Whether all patients with frequent PVCs and apparently normal heart by routine diagnostic tests deserve further investigation with more advanced imaging modalities (eg, CMR imaging) is still unclear. This issue needs to take into account several aspects, including lack of widespread availability and direct and indirect costs of these technologies, reimbursement and sustainability for the healthcare system, needs for appropriate training and education. Identification of those subjects who may benefit most from further investigations appears therefore relevant. Previous studies have identified older age, male gender, family history of SCD/cardiomyopathy and few PVC features (Figure 1) as significantly and independently correlated to the presence of myocardial structural abnormalities by CMR imaging; these baseline characteristics could be proposed as “red flags” to identify those subjects with apparently idiopathic PVCs that may conversely have concealed cardiomyopathic substrates and therefore get the higher benefit from a more comprehensive diagnostic work‐up inclusive of CMR imaging.

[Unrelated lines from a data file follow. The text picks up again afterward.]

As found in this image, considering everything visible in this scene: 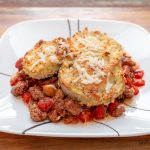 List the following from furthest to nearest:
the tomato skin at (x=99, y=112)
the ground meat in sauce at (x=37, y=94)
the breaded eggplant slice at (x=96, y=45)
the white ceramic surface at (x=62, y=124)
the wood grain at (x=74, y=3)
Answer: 1. the wood grain at (x=74, y=3)
2. the breaded eggplant slice at (x=96, y=45)
3. the ground meat in sauce at (x=37, y=94)
4. the tomato skin at (x=99, y=112)
5. the white ceramic surface at (x=62, y=124)

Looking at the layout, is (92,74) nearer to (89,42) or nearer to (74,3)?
(89,42)

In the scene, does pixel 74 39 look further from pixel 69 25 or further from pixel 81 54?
pixel 69 25

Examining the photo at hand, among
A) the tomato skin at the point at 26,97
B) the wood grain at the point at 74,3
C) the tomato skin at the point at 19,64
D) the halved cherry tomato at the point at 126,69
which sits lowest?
the tomato skin at the point at 26,97

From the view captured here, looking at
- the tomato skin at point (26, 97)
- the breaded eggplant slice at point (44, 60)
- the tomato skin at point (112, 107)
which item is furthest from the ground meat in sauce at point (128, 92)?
the tomato skin at point (26, 97)

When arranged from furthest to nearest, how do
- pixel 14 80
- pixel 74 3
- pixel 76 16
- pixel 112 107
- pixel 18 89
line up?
pixel 74 3
pixel 76 16
pixel 14 80
pixel 18 89
pixel 112 107

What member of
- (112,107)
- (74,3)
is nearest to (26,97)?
(112,107)

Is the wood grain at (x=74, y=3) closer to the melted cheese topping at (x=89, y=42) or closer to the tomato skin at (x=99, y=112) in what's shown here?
the melted cheese topping at (x=89, y=42)

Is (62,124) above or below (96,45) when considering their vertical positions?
below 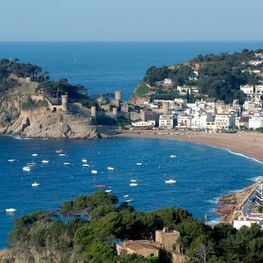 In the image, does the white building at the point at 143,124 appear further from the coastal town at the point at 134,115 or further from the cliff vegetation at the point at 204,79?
the cliff vegetation at the point at 204,79

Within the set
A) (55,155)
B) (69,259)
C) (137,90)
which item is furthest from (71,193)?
(137,90)

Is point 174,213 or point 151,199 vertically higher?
point 174,213

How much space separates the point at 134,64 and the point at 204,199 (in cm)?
8182

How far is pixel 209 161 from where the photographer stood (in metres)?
43.6

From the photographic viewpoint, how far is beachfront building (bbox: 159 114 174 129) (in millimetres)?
55281

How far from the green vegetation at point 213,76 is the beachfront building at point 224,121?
264 inches

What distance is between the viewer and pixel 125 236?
20688 mm

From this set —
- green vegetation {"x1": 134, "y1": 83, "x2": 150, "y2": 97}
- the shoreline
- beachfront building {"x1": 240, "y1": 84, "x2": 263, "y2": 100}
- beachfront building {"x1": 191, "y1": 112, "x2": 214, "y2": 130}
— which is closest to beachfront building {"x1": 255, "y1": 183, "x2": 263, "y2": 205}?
the shoreline

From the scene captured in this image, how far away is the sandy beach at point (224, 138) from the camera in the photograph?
47281 mm

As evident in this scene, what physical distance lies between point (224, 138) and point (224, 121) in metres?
4.07

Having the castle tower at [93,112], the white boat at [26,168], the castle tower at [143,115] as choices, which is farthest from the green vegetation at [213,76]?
the white boat at [26,168]

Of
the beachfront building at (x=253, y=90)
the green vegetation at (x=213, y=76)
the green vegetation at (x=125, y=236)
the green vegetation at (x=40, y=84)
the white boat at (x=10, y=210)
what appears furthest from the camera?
the beachfront building at (x=253, y=90)

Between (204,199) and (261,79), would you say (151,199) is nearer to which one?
(204,199)

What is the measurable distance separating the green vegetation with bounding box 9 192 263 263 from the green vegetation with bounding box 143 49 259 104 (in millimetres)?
40021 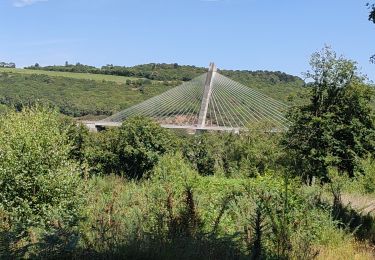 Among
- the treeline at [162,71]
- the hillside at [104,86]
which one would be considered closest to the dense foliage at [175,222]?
the hillside at [104,86]

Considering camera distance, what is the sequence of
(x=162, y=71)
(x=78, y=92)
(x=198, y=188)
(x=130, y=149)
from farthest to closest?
(x=162, y=71) → (x=78, y=92) → (x=130, y=149) → (x=198, y=188)

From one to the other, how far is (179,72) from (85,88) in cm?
1776

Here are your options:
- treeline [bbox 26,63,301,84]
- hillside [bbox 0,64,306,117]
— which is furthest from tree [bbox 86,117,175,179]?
treeline [bbox 26,63,301,84]

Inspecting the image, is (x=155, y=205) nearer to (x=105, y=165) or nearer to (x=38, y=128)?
(x=38, y=128)

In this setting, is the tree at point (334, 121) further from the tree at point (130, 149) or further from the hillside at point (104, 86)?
the hillside at point (104, 86)

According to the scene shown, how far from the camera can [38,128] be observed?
2033 centimetres

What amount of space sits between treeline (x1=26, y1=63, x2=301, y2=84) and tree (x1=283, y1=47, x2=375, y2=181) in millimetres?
52905

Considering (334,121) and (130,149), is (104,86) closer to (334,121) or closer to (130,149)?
(130,149)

Organization of a network for referral of patients to high‐volume centers with the adequate equipment and expertise for advanced imaging should be also encouraged.

CONCLUSIONS

Even if benign in nature in the vast majority of cases, PVCs can sometimes be associated with an increased risk of heart failure and cardiac mortality including SCD. The main challenge in correctly labelling PVCs as benign is the exclusion of subtle myocardial structural abnormalities that can be missed by routine investigations. Thus, in selected subjects with high‐risk features, traditional assessment should be implemented with more advanced imaging modalities such as CMR. On the other hand, the use of more sensitive technologies might rise additional interpretative doubts especially when subtle or isolated myocardial structural abnormalities (eg, fibrosis) are documented in patients with PVCs but without any symptoms or evidence of more complex VAs. As a matter of fact, at least in some cases, subtle myocardial scarring may be an incidental finding (eg, healed myocarditis) without any meaningful relationship with PVC etiology (ie, RVOT PVCs). In such cases, the interaction between PVCs and the potential arrhythmic substrate remains uncertain with a substantial knowledge gap regarding proper risk stratification (eg, invasive electrophysiological study) and therapy.

CONFLICT OF INTEREST

The authors have declared no conflicting interests. This research did not receive any specific grant from funding agencies in the public, commercial, or not‐for‐profit sectors.